### Work required:
Your answer must consist of every line from the data below that includes the word "with".

### The data:
- - -
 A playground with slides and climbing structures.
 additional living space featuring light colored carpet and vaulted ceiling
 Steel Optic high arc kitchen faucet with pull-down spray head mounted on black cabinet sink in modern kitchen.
- - -
### Result:
 A playground with slides and climbing structures.
 Steel Optic high arc kitchen faucet with pull-down spray head mounted on black cabinet sink in modern kitchen.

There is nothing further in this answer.